**EXERCISE GOAL:**
Word for word and without images, transcribe all of the records.

--- START ---

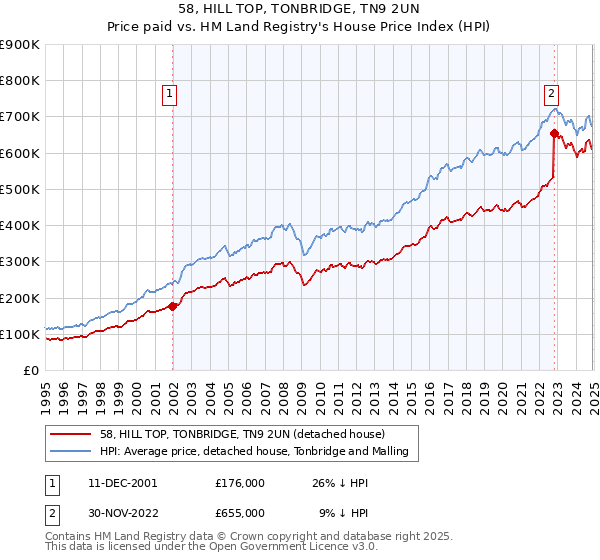58, HILL TOP, TONBRIDGE, TN9 2UN: Price paid vs HM Land Registry's House Price Index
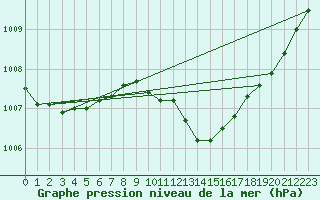 Courbe de la pression atmosphrique pour Neu Ulrichstein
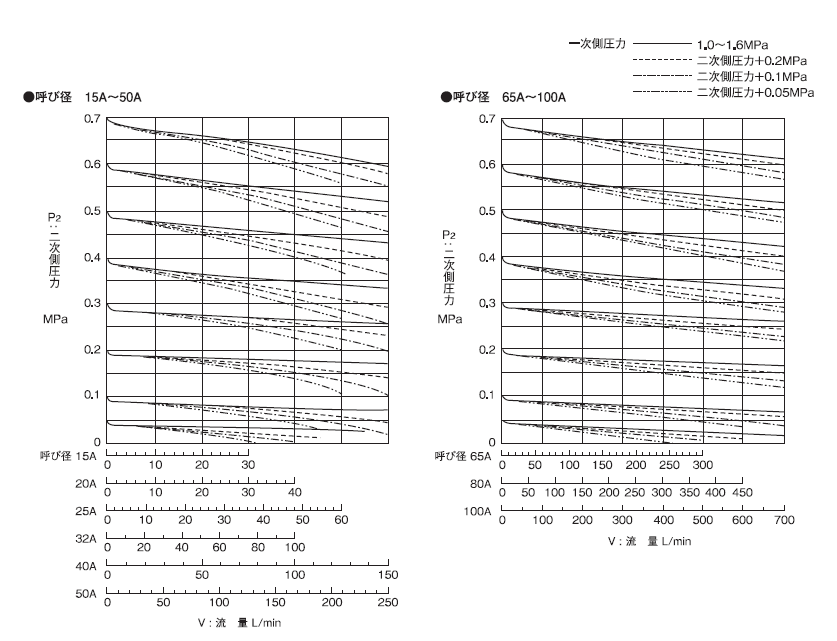 減圧弁・ドレンセパレーター GD-26S|自動弁（バルブ）の総合メーカー 株式会社ヨシタケ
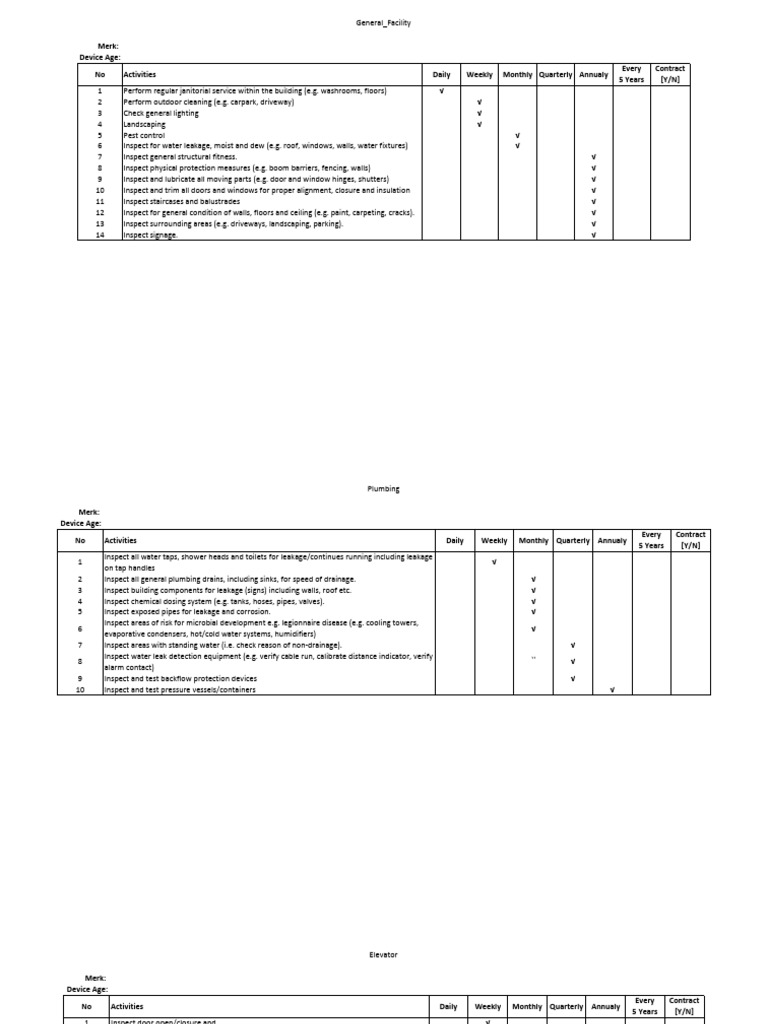 Data Center Maintenance Checklist Guide | PDF | Fire Sprinkler System ...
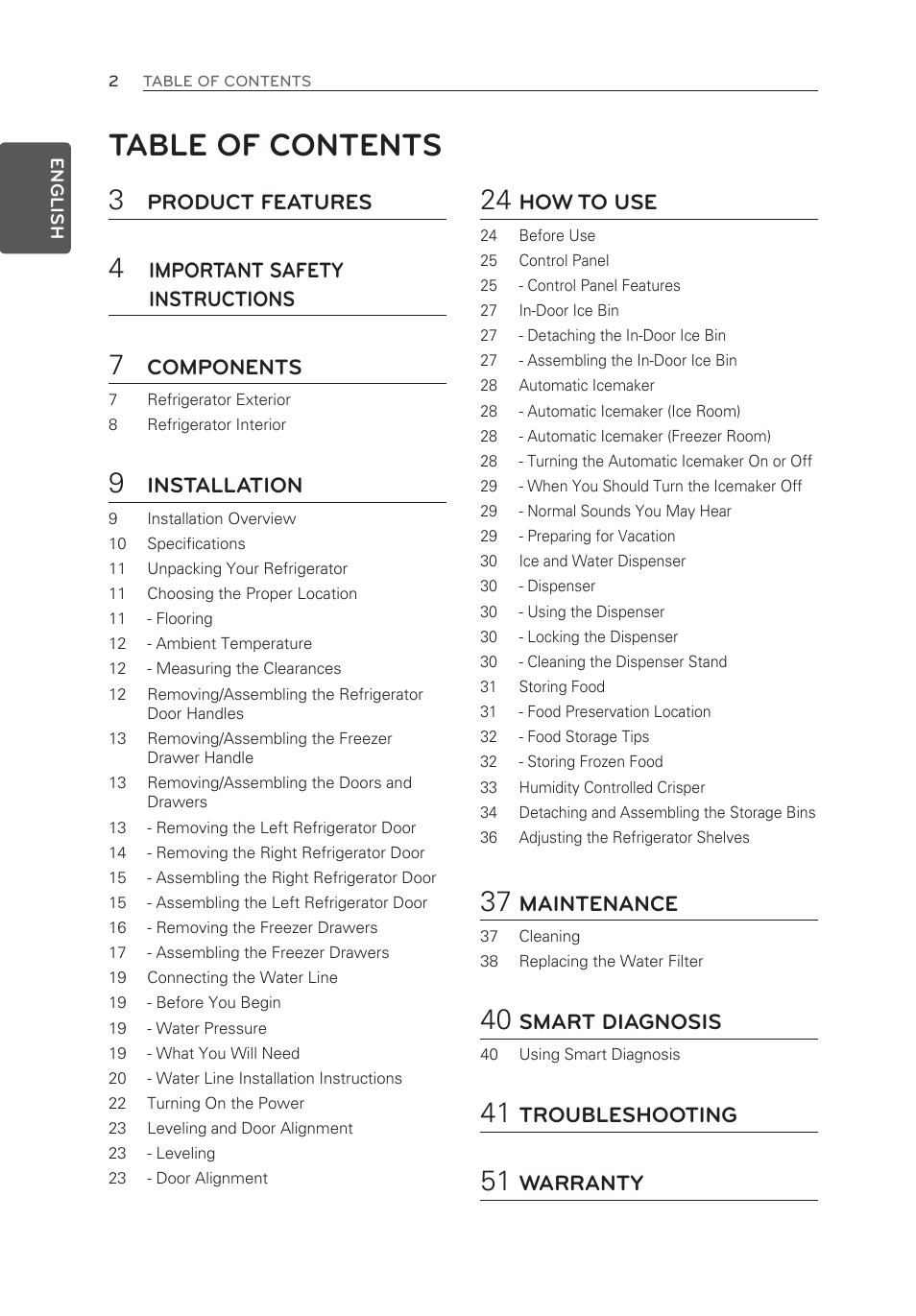 LG LFX25973SW User Manual | Page 2 / 57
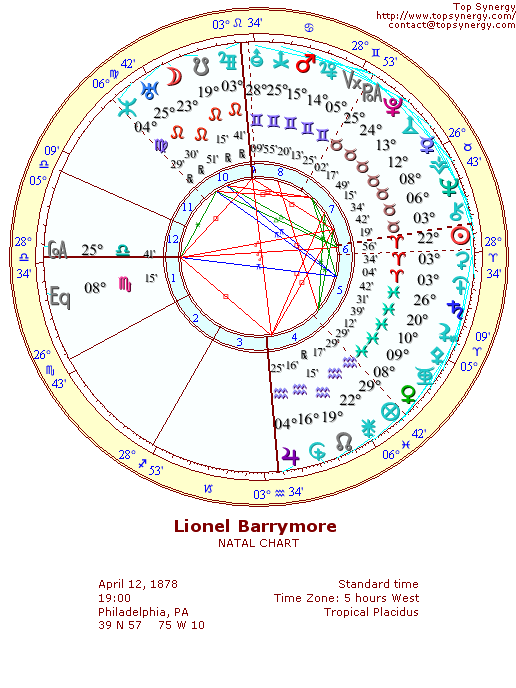 Lionel Barrymore natal wheel chart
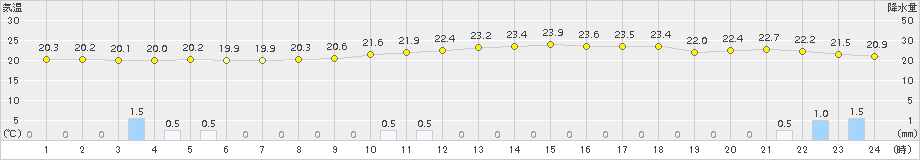 萩(>2018年09月09日)のアメダスグラフ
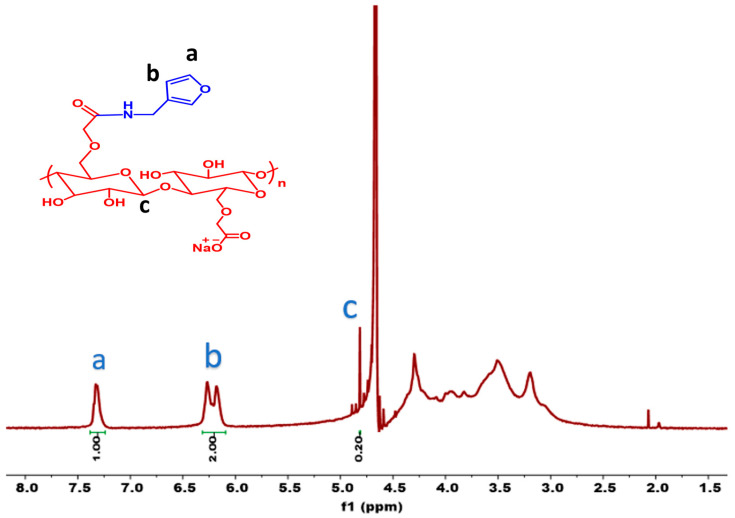 CMC-Based Injectable Hydrogels Crosslinked by Diels-Alder Chemistry for Wound Healing Applications.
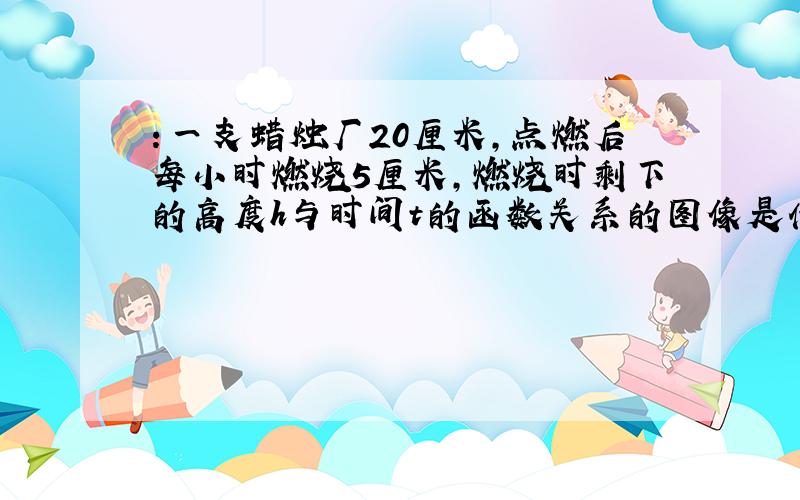 ：一支蜡烛厂20厘米,点燃后每小时燃烧5厘米,燃烧时剩下的高度h与时间t的函数关系的图像是什么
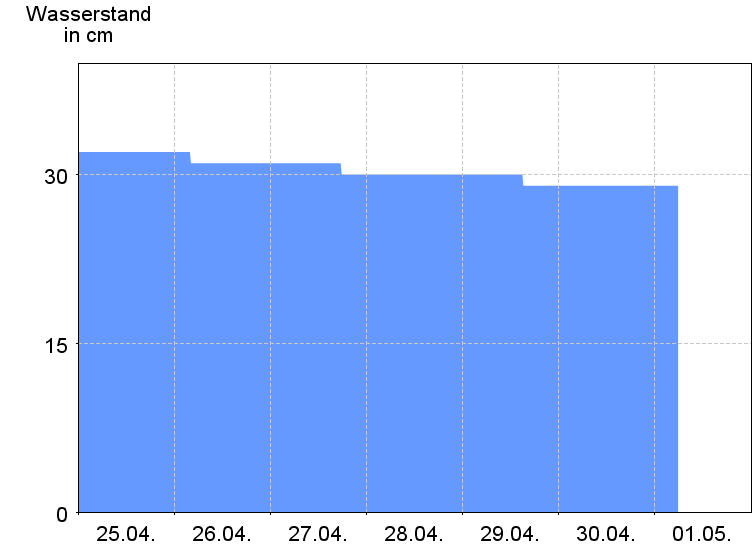 Wasserstand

--- END ---

**FINISHED EXERCISE:**
58, HILL TOP, TONBRIDGE, TN9 2UN: Price paid vs HM Land Registry's House Price Index
 Courbe de la pression atmosphrique pour Neu Ulrichstein
 減圧弁・ドレンセパレーター GD-26S|自動弁（バルブ）の総合メーカー 株式会社ヨシタケ
 Data Center Maintenance Checklist Guide | PDF | Fire Sprinkler System ...
 LG LFX25973SW User Manual | Page 2 / 57
 Lionel Barrymore natal wheel chart
 萩(>2018年09月09日)のアメダスグラフ
 CMC-Based Injectable Hydrogels Crosslinked by Diels-Alder Chemistry for Wound Healing Applications.
 ：一支蜡烛厂20厘米,点燃后每小时燃烧5厘米,燃烧时剩下的高度h与时间t的函数关系的图像是什么
 Wasserstand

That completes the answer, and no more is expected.